This is a challenging book. In a good way. I have read books before (such as “Deadly Waters” by Dot Hutchison) where the descriptions and topic just seemed to go to far as I nearly stopped reading (though was pleased that I didn’t). This book wasn’t a challenge in that way. Yes, the topics were hard to read about, but I thought they were generally handled well and it really helped you to understand the protagonist.
The topics that the book deals with include rape, mass executions, and false imprisonment. The author was so concerned about how the content could impact readers that a list of help/support lines are provided at the start of the book. This is a nice sentiment – but as all the listings were American with US telephone numbers, it’s a useless inclusion for many readers. Website links and a more international listing would have been better.

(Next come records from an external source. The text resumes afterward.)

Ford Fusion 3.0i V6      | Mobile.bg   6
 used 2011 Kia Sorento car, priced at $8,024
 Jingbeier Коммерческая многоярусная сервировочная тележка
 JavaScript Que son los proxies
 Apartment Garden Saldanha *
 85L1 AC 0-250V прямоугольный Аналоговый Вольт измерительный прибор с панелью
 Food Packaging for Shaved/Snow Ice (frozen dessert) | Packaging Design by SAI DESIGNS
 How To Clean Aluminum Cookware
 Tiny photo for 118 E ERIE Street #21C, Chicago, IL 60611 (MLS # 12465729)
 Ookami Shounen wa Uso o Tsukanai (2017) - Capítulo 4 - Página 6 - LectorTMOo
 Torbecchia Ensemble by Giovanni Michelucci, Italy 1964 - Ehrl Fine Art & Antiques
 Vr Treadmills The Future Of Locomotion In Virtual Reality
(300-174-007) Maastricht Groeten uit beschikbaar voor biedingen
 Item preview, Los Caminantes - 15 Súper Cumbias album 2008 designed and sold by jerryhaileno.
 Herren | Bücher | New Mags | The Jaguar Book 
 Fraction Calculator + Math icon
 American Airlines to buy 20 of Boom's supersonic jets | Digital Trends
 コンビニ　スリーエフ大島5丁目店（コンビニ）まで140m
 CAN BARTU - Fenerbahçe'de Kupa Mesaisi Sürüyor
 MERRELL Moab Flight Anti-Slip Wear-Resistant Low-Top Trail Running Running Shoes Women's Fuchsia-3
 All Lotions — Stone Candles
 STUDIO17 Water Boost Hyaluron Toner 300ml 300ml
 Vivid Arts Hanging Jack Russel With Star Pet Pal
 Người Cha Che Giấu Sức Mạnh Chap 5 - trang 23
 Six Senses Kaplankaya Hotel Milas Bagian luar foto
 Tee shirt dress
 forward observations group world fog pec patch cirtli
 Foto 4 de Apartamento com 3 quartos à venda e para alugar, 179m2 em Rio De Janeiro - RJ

There are a few other errors here and there (e.g., swimming pools do not smell of chlorine – the smell is chloramines, essentially the result of the reaction of chlorine reacting with what else is in the water (primarily swimmer’s sweat and urine)), but the book contains such strong “pillars of truth” (i.e., true elements) that the errors are only a minor distraction (as was using the acronym “RICO” which isn’t used in the UK… it stands for Racketeer Influenced and Corrupt Organizations).
But let’s not beat about the bush – this book is incredibly graphic in places. If you are not into such books, then this book isn’t for you. However, just as Barry Eisler, for example, does, I found that the scenes were handled well and probably necessary – although (as with Eisler books) I sometimes found it hard to keep up with what was going on in some of the fight scenes.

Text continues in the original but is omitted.